Work task: Go to the line with "点击大图看下一张：后背紫色长翅膀的女天使" in the records below, then output it and each following line exactly, up to and including the line with "Grandma Mae's Country". Skip pictures and add nothing.

Task material:

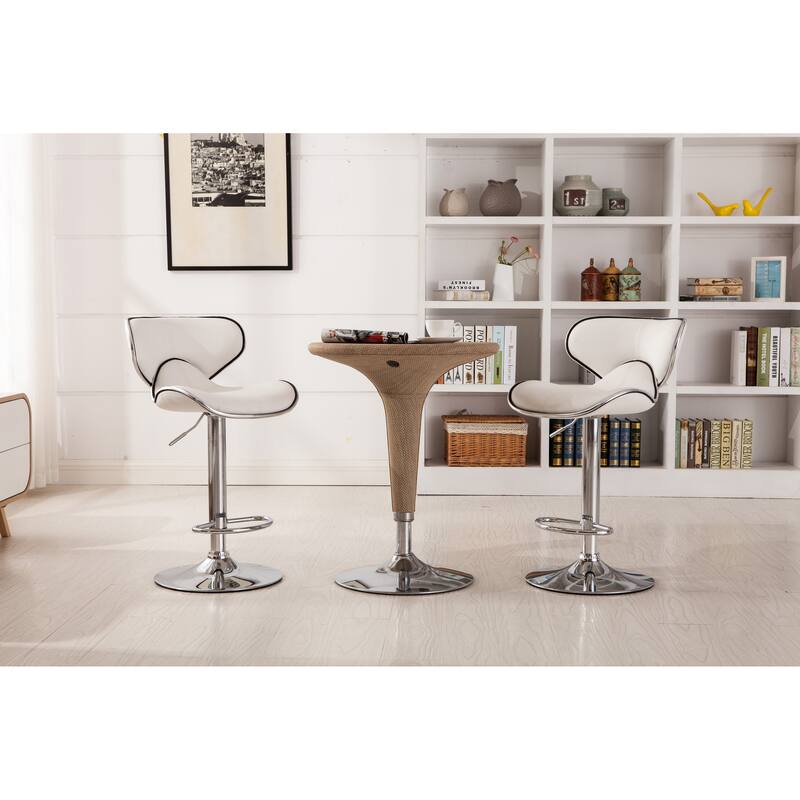 Modern Set of 2 Swivel Bar Stools with Leather Seat, Chrome Base, Height Adjustable, for Kitchen Island Dining Room - White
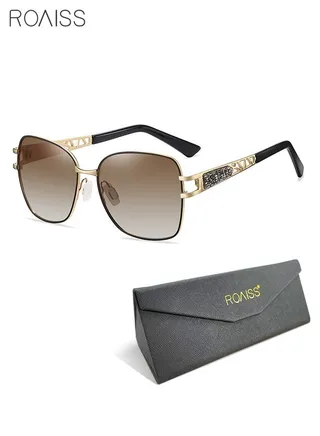 Women's Square Polarized Sunglasses UV400 Protection Sun Glasses with Gold Metal Frame Decorated with Rhinestones for Women with Glasses Case 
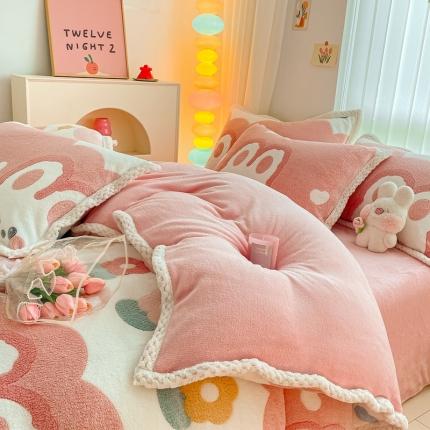 91家纺网 家纺一手货源 找家纺 （总）川悦生活 2023新款立体雪花绒宽边四件套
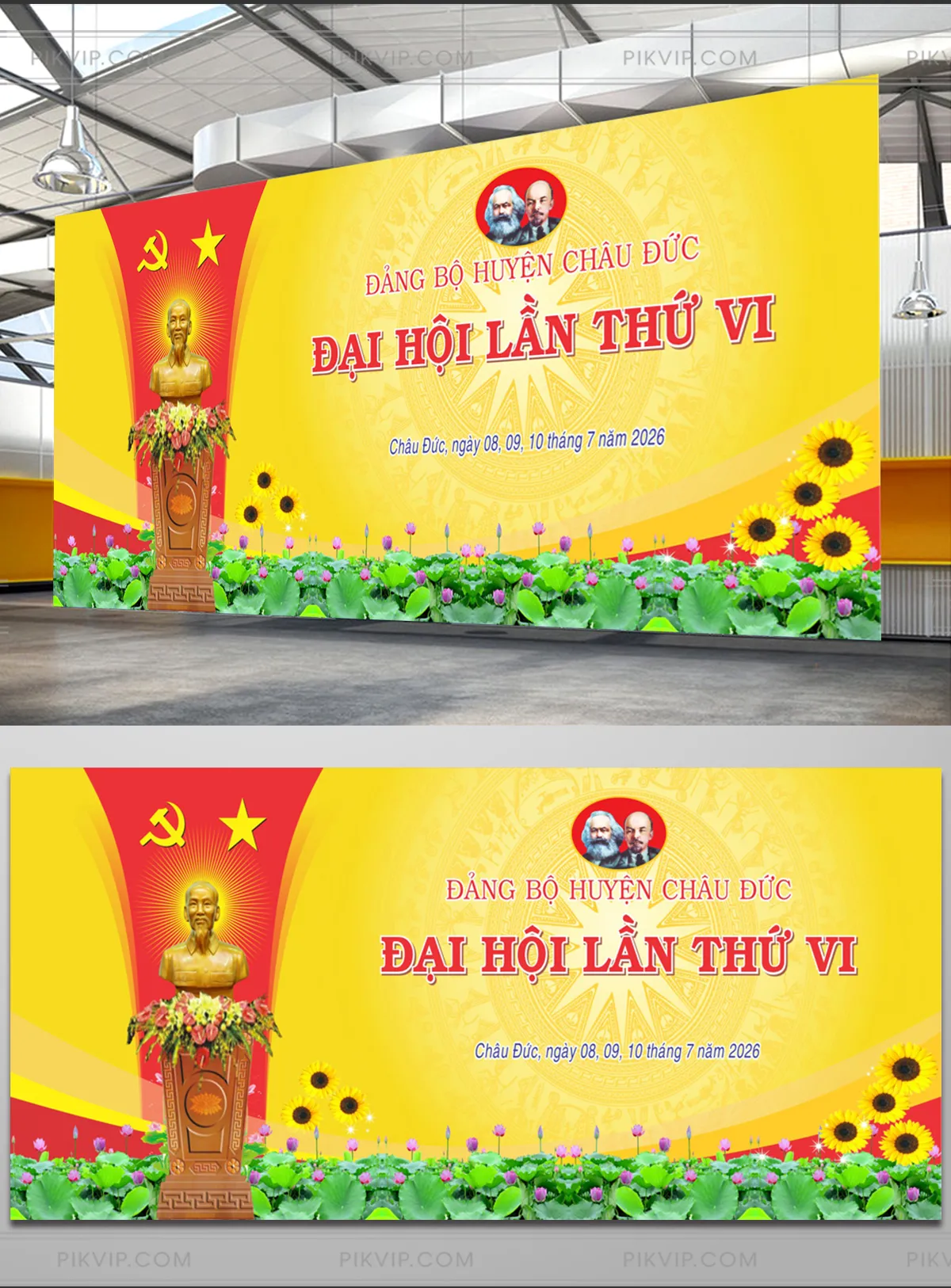 Phông nền Đại hội Đảng bộ huyện Châu Đức lần thứ VI trang trọng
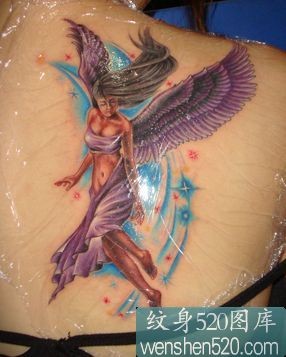 点击大图看下一张：后背紫色长翅膀的女天使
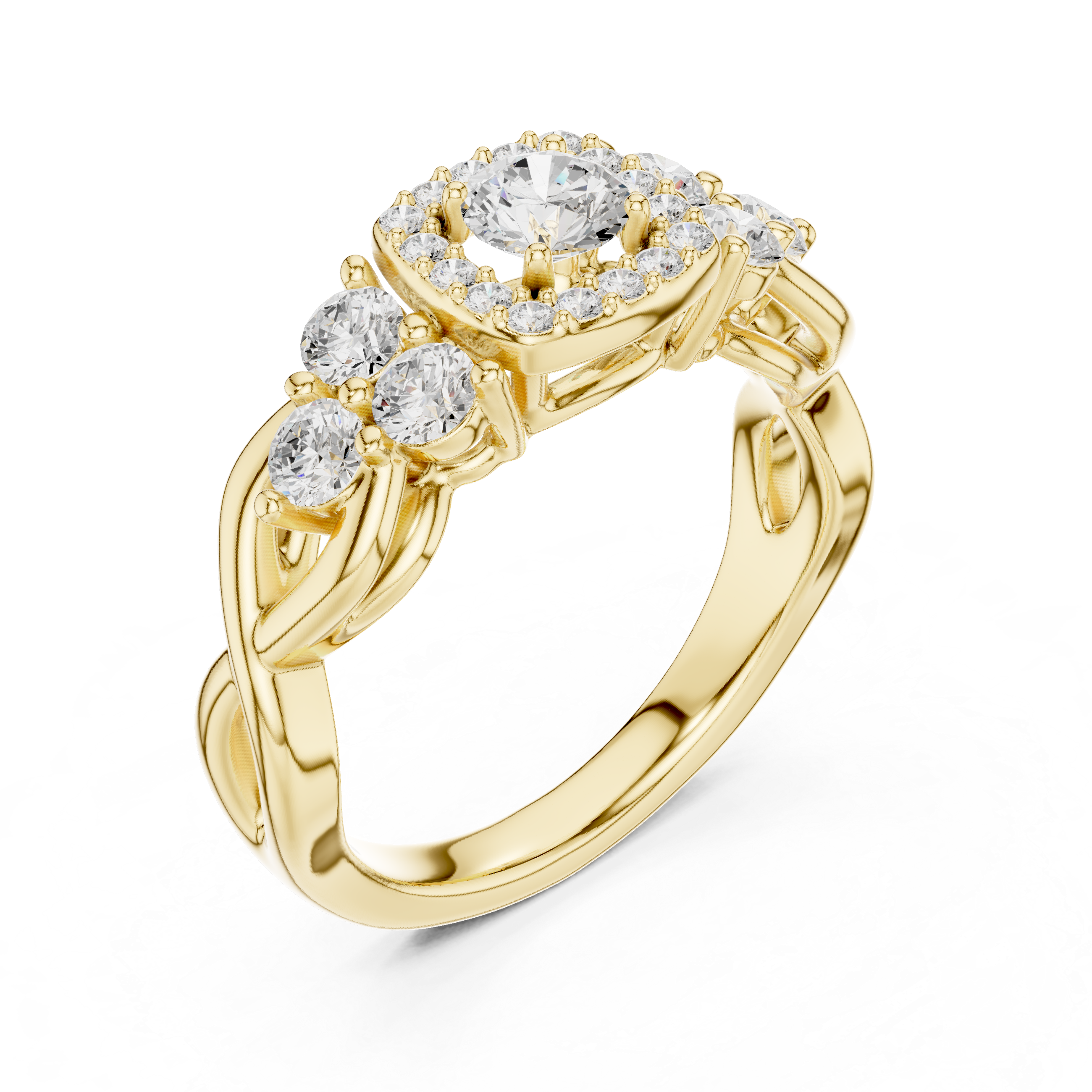 Ring with Trio Side Stones and Intertwined Band.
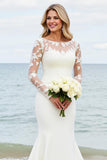 lvory Sirène Manches Longues Applique Robe de Mariée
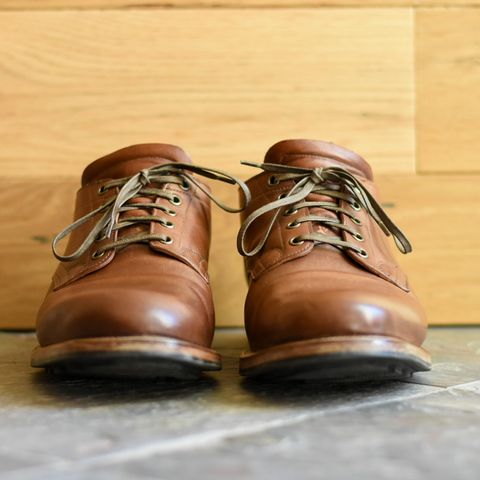 View photo of Viberg 145 Oxford in Horween Natural Essex Workshoe Butt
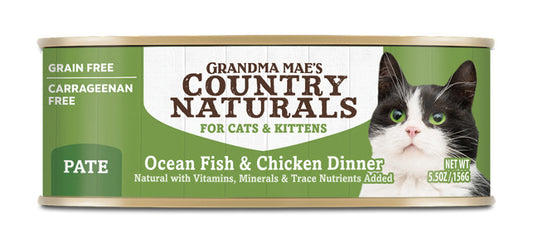 Grandma Mae's Country Naturals Grain Free Ocean Fish & Chicken Cat Wet Food 5.5 oz 24 Pack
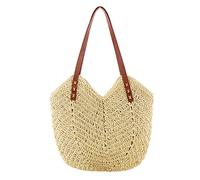Borsa da spiaggia in paglia da donna, grande capacità, in stile bohémien, design vintage intrecciato a mano, manico in pelle con cerniera, perfetta per vacanze al mare, shopping all'aperto e uso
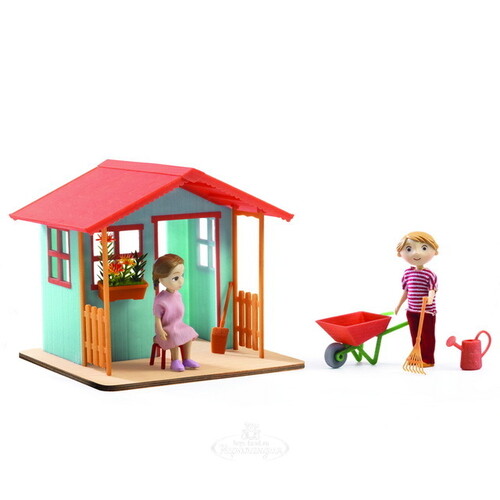 Кукольный дом Садовый с аксессуарами 16 см 7 предметов дерево Djeco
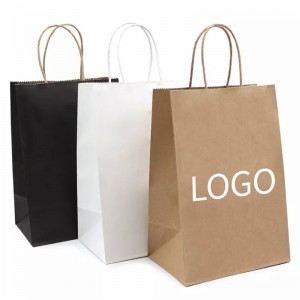 Custom Logo Take Away Twisted Handle Paper Bags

Exercise answer:
 点击大图看下一张：后背紫色长翅膀的女天使
 Ring with Trio Side Stones and Intertwined Band.
 lvory Sirène Manches Longues Applique Robe de Mariée
 View photo of Viberg 145 Oxford in Horween Natural Essex Workshoe Butt
 Grandma Mae's Country Naturals Grain Free Ocean Fish & Chicken Cat Wet Food 5.5 oz 24 Pack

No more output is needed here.